During the year, employers found it difficult to maintain employee morale. Some tried hard and succeeded, but many tried hard and failed. Some never really tried; they felt it was a losing battle, or they banked on the fact that their employees had little choice but to stay put. Morale might have been down, but for about a year, firms enjoyed record-highs in employee retention.

The tables are about to turn. As the economy picks up, new budgets will be put in place, and many firms will begin hiring again. It won’t be too long before employees who once felt lucky to have a job, any job, will realize that they have options. As they regain their confidence, they will explore other possibilities and other positions. They will be especially motivated to move if they are not happy with how they’ve been treated by their employer.

If your firm actively supported its employees during the tough times and was able keep the esprit de corps alive and well, then you are going to be in good shape.

Keep up the good work.

If your firm was not as diligent in planning for the future and didn’t take steps to safeguard employee loyalty, all is not lost. There is still time to understand who is at risk and to curtail attrition. But you need to do this now so that down the road, when the tables start to turn, you’re not left sitting at the table alone.

Identify who is at risk and why. Enlist your managers to help determine who is at risk on their staff or in their circle of close associates. Keep in mind that your managers may also be at risk. You may think you know whom to worry about on your own team, but enlist the help of peer groups to check your assessment. Once you have a list of names, don’t just plop a label on them and start giving out “atta boys.” Dig deeper to find out what put the individuals in jeopardy. Ask questions like: “Was this employee happy before the economy tanked or only after we had to make cuts”; “When did this person move from dedicated to uncommitted”; “Was this a slowly developing process, or was there a critical incident that caused the change?” By uncovering root causes, it will be easier to develop plans to undo the damage.

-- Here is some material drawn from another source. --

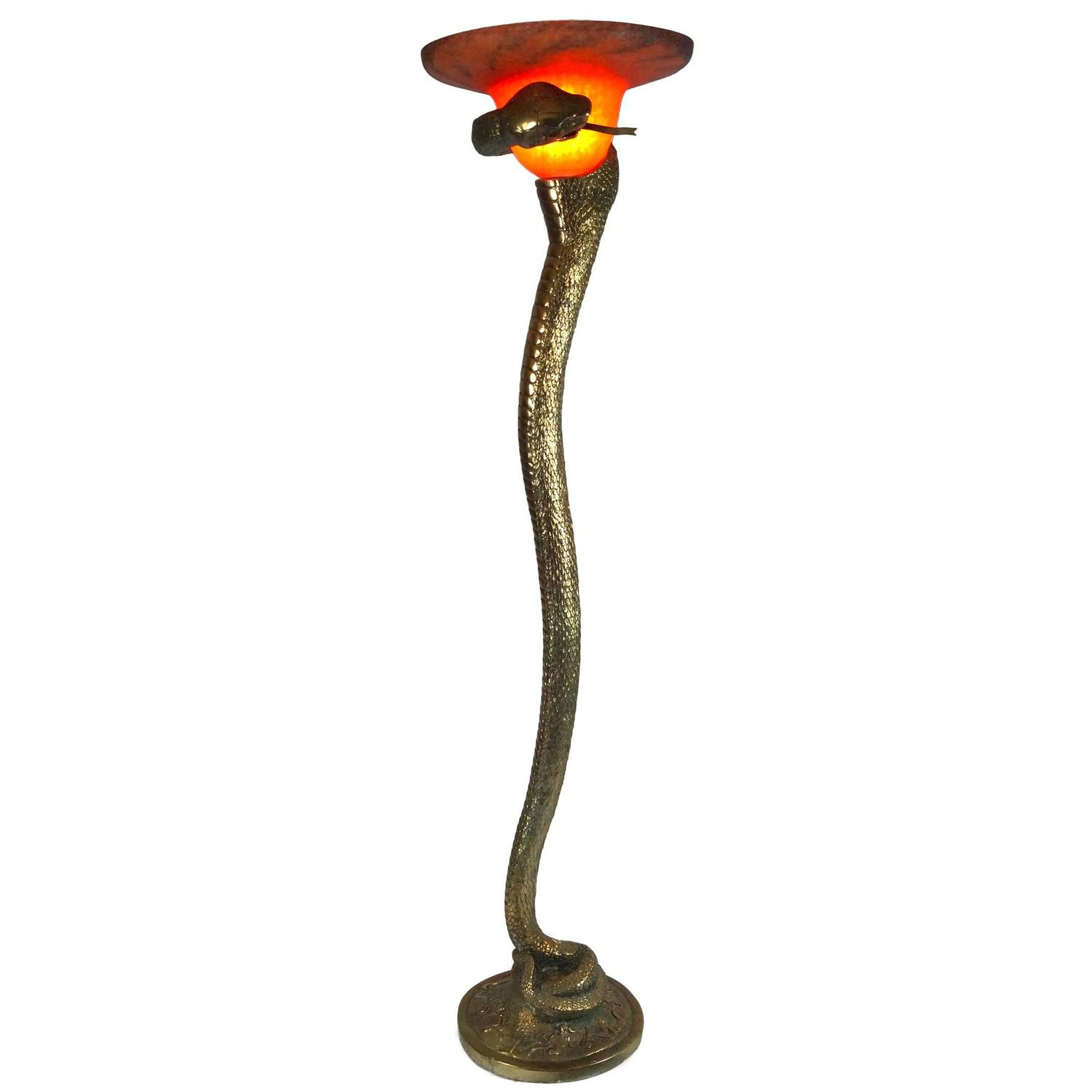Art Deco Edgar Brandt Style Cobra Snake Serpent Standard with measurements 1500 X 1500
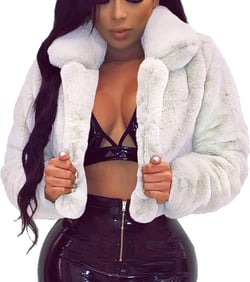 WKSCLPAI Faux Fur Jackets for Women Winter Warm Fluffy Fleece Crop Outerwear Oversized Soft Coats Jacket Trendy Short Tops White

Develop individual retention plans. There are myriad reasons why an employee’s loyalty may be wavering, and these reasons will drive the individual retention plan. For example, Jack was promoted out of a clerical job right before the financial crisis hit. The firm decided not to fill the clerical vacancy, and Jack ended up still performing his old clerical duties. No one thanked him or told him that the situation was temporary. He’s frustrated and unsure that he’ll ever move up now. Retain Jack by thanking him for his teamwork and reassure him that the clerical position will be filled. Keep him further engaged by including him in plans for his future. Let him know when to expect some relief and make sure a portion of each day can be spent on higher-level tasks. Most people, including Jack, can tough it out if there is hope for the future. Tell your Jacks that there is not just hope, but a plan. Help them find reasons not just to stay, but to be excited about what’s in store for them.

Tell them you want them to stay. Nothing is more powerful than saying something like, “We’re not out of the woods yet, but I see light at the end of the tunnel. I know it’s been tough on you, and I thank you for hanging in there. Your hard work has not gone unnoticed, and it will not go unrewarded. I know you have a great future here, and I hope I can count on you to continue to be part of my team.”

Four short sentences. It may be out of character for you, but suck it up and get it said to those on your staff whom you value and want to keep around for the long haul.

We’ve all had difficulty over the last year, and many of us have worried about the state of our firms and the state of our individual jobs. Now that the smoke is clearing, don’t take a gamble that your employees are all on board and not going anywhere. Take the time now to ensure that when the economic tables turn, those you want to share a celebratory meal with are seated firmly with you at the table.

Kramer is The Council’s senior vice president, Office of the President.